RNS Number : 9331Y
Drax Group PLC (Symbol: DRX)
Drax is pleased to announce that it has agreed a new infrastructure term loan facilities agreement (the “Agreement”) that provides committed facilities of approximately £160 million with a range of maturities between 2024 and 2030(1), further extending Drax’s debt maturity profile.
The facilities have an average margin of 2.07%(2). Taken together with Drax’s existing borrowing, including a carbon-linked ESG(3) facility which was recently extended to 2025, this Agreement further reduces the Group’s all-in cost of debt below 4%.
The Agreement also includes an option for Drax to obtain up to a further £75 million of facilities, if agreed between Drax and its lenders. If utilised, these additional facilities could have a maturity of up to 2030.
The facilities under this Agreement also have a delayed draw(4) and proceeds are expected to be used in the ordinary course of business.
Drax Investor Relations: Mark Strafford
+44 (0) 7730 763 949
Drax External Communications: Selina Williams
+44 (0) 7912 230 393
- (1) €25 million in 2024, €70 million in 2026, £45 million in 2027 and €31.5 million in 2030. Euro facilities have been converted to £GBP for the purposes of this announcement only at a rate of €1.10/GBP£1. Drax intends that foreign exchange hedging of any Euro funds into £GBP will take place in advance of drawing funds.
- (2) Linked to LIBOR and EURIBOR. The weighted average margin of the facilities including the annual amortised cost in relation to duration fees.

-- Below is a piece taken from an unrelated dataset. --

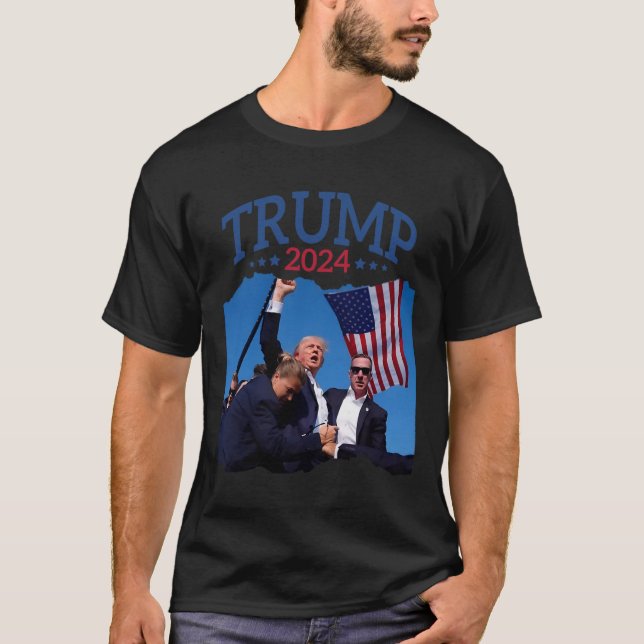 Kurze Faust gepumpt 2024 Beten für Trump nie geben T-Shirt (Vorderseite)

- (3) The Environmental, Social and Governance (ESG) facility includes a mechanism that adjusts the rate of interest paid based on Drax's carbon emissions against an annual benchmark, reflecting Drax's continued commitment to reducing its carbon emissions as a part of its overall purpose of enabling a zero-carbon, lower cost energy future and an ambition to become carbon negative by 2030
- (4) Six months, with the exception of the €31.5 million facility due in 2030 which can be drawn up to 13 November 2020.